MATERIAL PROVIDED:
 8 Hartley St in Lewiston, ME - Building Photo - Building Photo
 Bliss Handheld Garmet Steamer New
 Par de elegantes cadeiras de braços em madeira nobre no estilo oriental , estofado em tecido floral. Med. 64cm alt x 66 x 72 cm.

YOUR ASSIGNMENT:
The listing above has to be written out again in full, exactly as shown.

OUTPUT OF THE TASK:
 8 Hartley St in Lewiston, ME - Building Photo - Building Photo
 Bliss Handheld Garmet Steamer New
 Par de elegantes cadeiras de braços em madeira nobre no estilo oriental , estofado em tecido floral. Med. 64cm alt x 66 x 72 cm.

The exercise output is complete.